Data for this exercise =

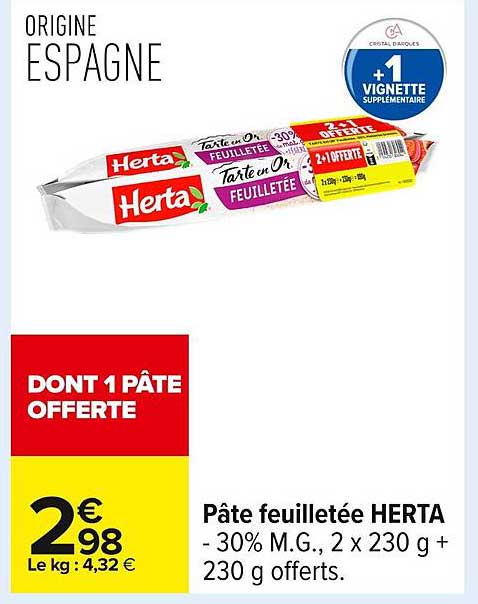 Pâte feuilletée HERTA - 30% M.G., 2 x 230 g + 230 g offerts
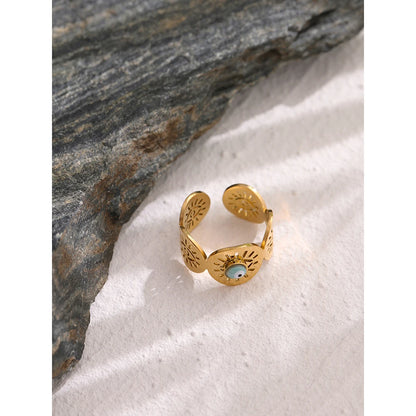 Stainless Steel Eye Bead Opening Ring for Women New Design Golden Statement Charm Jewelry Anillos Mujer Bijoux Femme Gift
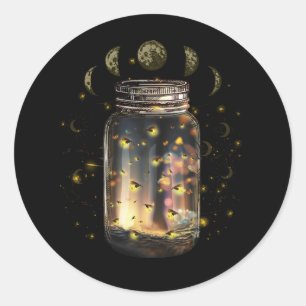 Fireflies Kryp in Burk Firefly Lightning Insekter Runt Klistermärke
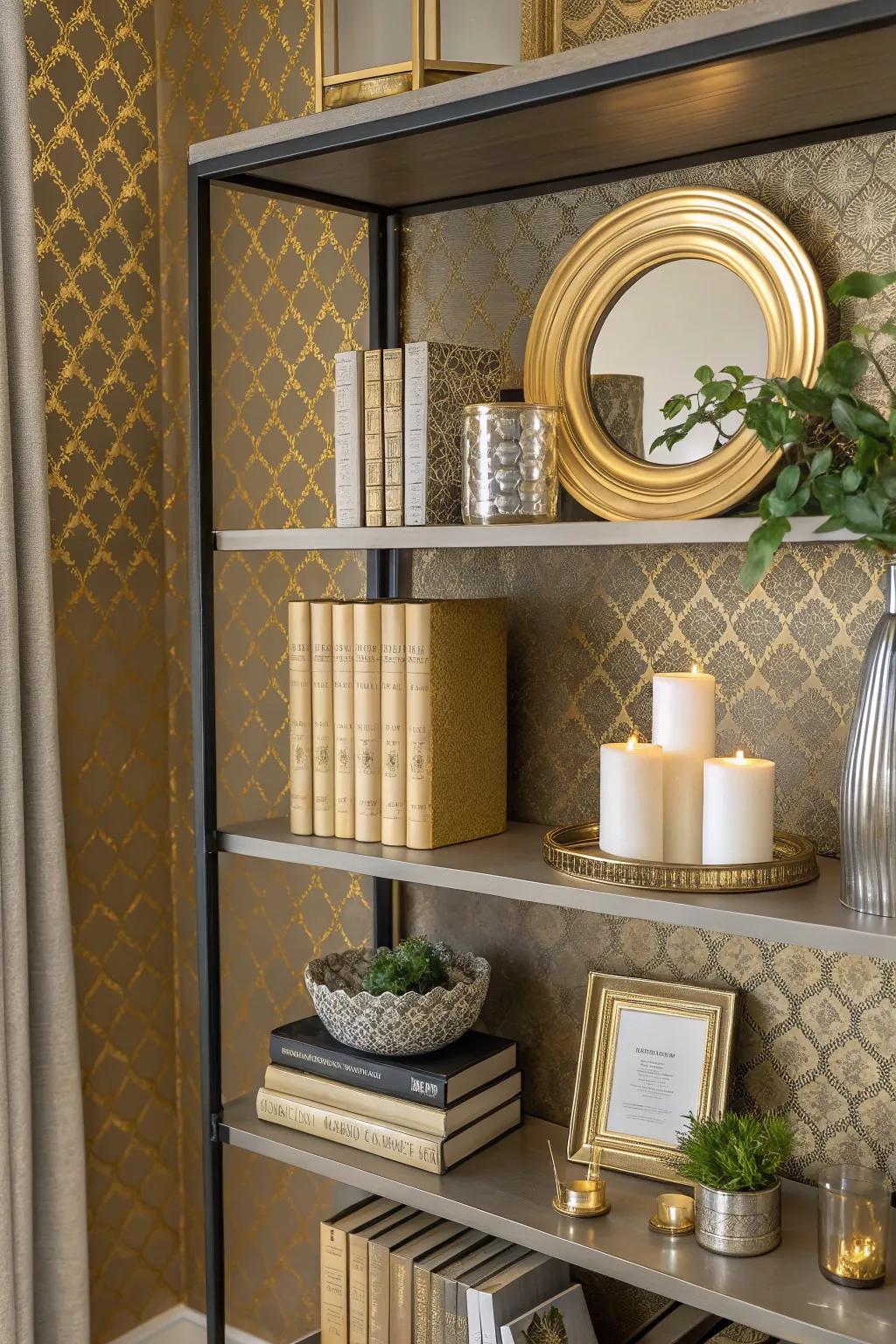 <strong>Bookshelf</strong> displaying subtle gilded wallcovering for a luxurious accent.&rdquo; loading=&rdquo;lazy&rdquo; class=&rdquo;pimg&rdquo;>
	</picture><figcaption><strong>Bookshelf</strong> displaying subtle gilded wallcovering for a luxurious accent.</figcaption></figure>
<p>Shiny wallcovering can introduce a hint of luxury to your <strong>bookshelves</strong>. I experimented with a delicate gold pattern, and it generated an opulent ambiance without dominating the area.</p>
<h3>Explore these options:</h3>
<ul class=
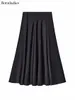 Bornladies Elegante Satijnen Losse Vrouwen Rok Hoge Taille Maxi Rokken Streetwear Klassieke Lange Rok Mode Vrouwelijke Zwarte Rok 240110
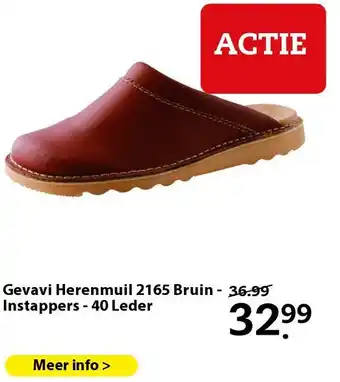 Boerenbond Gevavi Herenmuil 2165 Bruin - Instappers - 40 Leder aanbieding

What is required = In the listing above, find the line with "Stainless Steel Eye" and the line with "a luxurious accent.&rdquo;". Set down exactly those lines and everything between them, skipping pictures.

Expected output =
 Stainless Steel Eye Bead Opening Ring for Women New Design Golden Statement Charm Jewelry Anillos Mujer Bijoux Femme Gift
 Fireflies Kryp in Burk Firefly Lightning Insekter Runt Klistermärke
 <strong>Bookshelf</strong> displaying subtle gilded wallcovering for a luxurious accent.&rdquo; loading=&rdquo;lazy&rdquo; class=&rdquo;pimg&rdquo;>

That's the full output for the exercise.